The point isn't that at the speed of light you would be vaparized. it's that if you go fast enough you could pass through the sun unharmed. for example if you swipe your hand through a candle really fast you dont get burned.
Obviously you can't travel at the speed of light. But even if you could travel at 90% of the speed of light it would still take more than five seconds to pass through the sun.

The surface temperature of the sun is 5000 degrees Kelvin! Perhaps a robot made of some as-yet uninvented metal alloy or ceramic could survive five seconds at that temperature. But a big blob of organic matter? You must be joking! Perhaps a few bits of bone would come out the other side, but no soft tissue.

Oh yeah: the temperature at the center of the sun is ten million degrees. Who thinks anything we could throw in there would not be turned to gas within two seconds, much less five?

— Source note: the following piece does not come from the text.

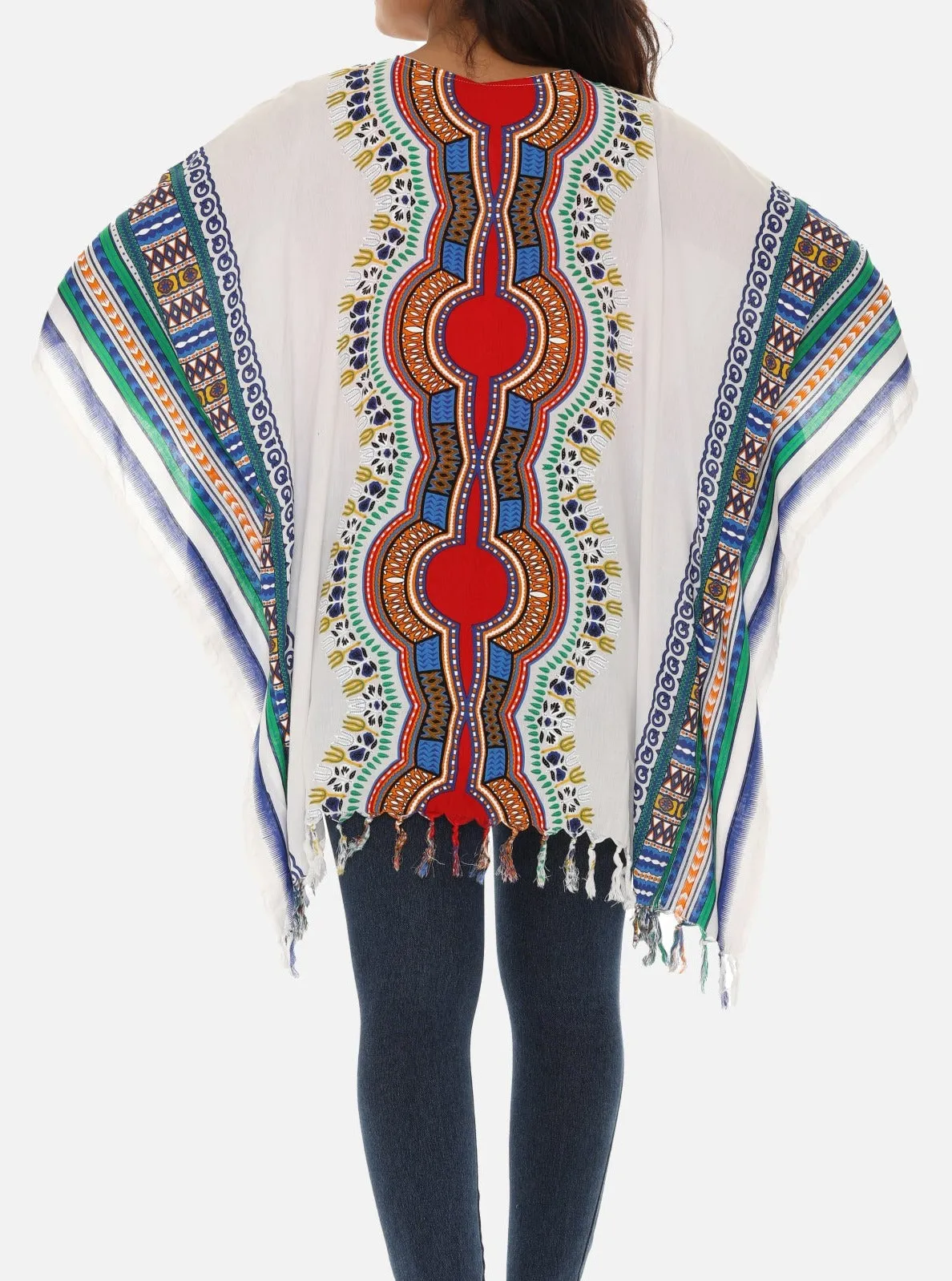 Bohemian Breeze: White Cotton Caftan with Multi-Colored Tribal Print and Tassels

You could pass through the sun at the speed of light because for all we know you're not exposed to the heat long enough to burn in each section.
As I mentioned in my first post, you will spend five whole seconds exposed to that heat. Even if it was only 5000 degrees it would kill you and destroy most of your body. But it turns out that at the middle the temperature is ten million degrees. You can forget about it!

it would be interesting for them to do an experiment with a car in a flaming tunnel. they could keep the car still for however long and let it burn/melt. Then they could do the same thing for the same amount of time with the car moving at speed and see how the cars effected differently. (i wouldn't be suprised if it's nowhere near as effected by the heat).
You don't seem to grasp the difference between a "really hot fire" and 10,000,000 degrees.
 
The sun is almost a million miles in diameter. Even at the speed of light it would take you almost five seconds to make the transit.

It would take five seconds if an outside observer was watching. From your point of view, it would take an immeasurably short time to transit the sun at the speed of light. (Of course you run into other problems at or near that speed.)
 
the biggest worry traveling through the sun is (apart from the incredible heat an preasure presuming you somehow survive this) hitting something. becuase NASA has detected high amounts of what they think is molten iron due to the fact the surface of the sun changes so much. If this is true then the odds are the center of the sun could be solid, and if it is you wouldn't want to hit it at the speed of light.

The center of the sun is made of hydrogen and helium. It is also ten times the density of lead due to the insanely high pressures.
 
The center of the sun is made of hydrogen and helium. It is also ten times the density of lead due to the insanely high pressures.
So even if you could reach 0.9c, you would still smash into this "wall" and would quickly bake to death at 10 million degrees.
 
So even if you could reach 0.9c, you would still smash into this "wall" and would quickly bake to death at 10 million degrees.

At .9C you would "smash into the wall" well beyond the corona. At those speeds even diffuse gas acts like a concrete wall.